I have now seen two Athol Fugard plays (his 1961 play Blood Knot, produced by the same Signature Theatre Company earlier this year, was the other) and have found myself deeply moved by their intelligence, humanity and complexity. More, please! (I now truly regret not having maybe splurged to see The Road to Mecca on Broadway, late last year and earlier this year.)

If you can get past Hoberman's increasingly snarky tone—the deeper into the 1950s he gets, the more he begins to exude a smirky condescension toward some of the lunacies of the decade—this is indeed a valuable work of film history and cultural criticism, painting a vivid portrait of that crazy decade and making insightful connections between American society and the films Hollywood was producing at the time. At its best, An Army of Phantoms makes you feel like you are there; at its worst, it pulls you out of the headlong rush for jokey one-sentence asides. Someone please tell me his "prequel" The Dream Life isn't like this, or I may find myself less charitable.

Fine Art

Ellsworth Kelly Plant Drawings, seen at the Metropolitan Museum of Art in New York
My ticket to the Carer/Jarrell/Boulez concert on Friday night also ensured free admission into the Metropolitan Museum of Art for the day, so I decided to take advantage and go check out this exhibit as well as a bunch of other art besides. I hadn't heard of the American artist before, but one of my co-workers at The Wall Street Journal recently interviewed him for a Weekend Journal story, so I figured I'd dive right in and explore.

The exhibit is made up of pencil/pen sketches of various plants—sounds ho-hum on the face of it. But look closer, and some of those more delicate graphite and ink strokes indicate an attempt at something beyond mere representation. A lot of these seemingly very simple drawings reminded me of the serenity Willem De Kooning achieved with his daringly pared-down late canvases, in which a few simple strokes and colors manage to suggest whole moods and environments. Kelly's plant drawings have a similar purity. They're all quite lovely.
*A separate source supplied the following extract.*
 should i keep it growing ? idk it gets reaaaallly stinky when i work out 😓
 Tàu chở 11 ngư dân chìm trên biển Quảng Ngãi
And then I followed a tip from Karen Rosenberg's New York Times review of the exhibit and decided to check out the rest of the Modern and Contemporary Art wing to find some of the other Kelly works the Met had in its collection...and I found myself groaning a bit when I came upon Blue Panel (1977), which is basically just a parallelogram-ish canvas painted entirely dark blue. I usually like to consider myself pretty open-minded about this kind of thing, but I have to admit, when I see something like that, the inner aesthetic reactionary in me comes out—something along the lines of "It's not art if I could conceivably do this myself." His Spectrum V series (1969) at least has mild conceptual interest to it (it's a bunch of rectangular canvases with all the colors of the spectrum, on one each canvas). I guess I'll have to investigate this Ellsworth Kelly fellow a lot more before deciding what I think of his art.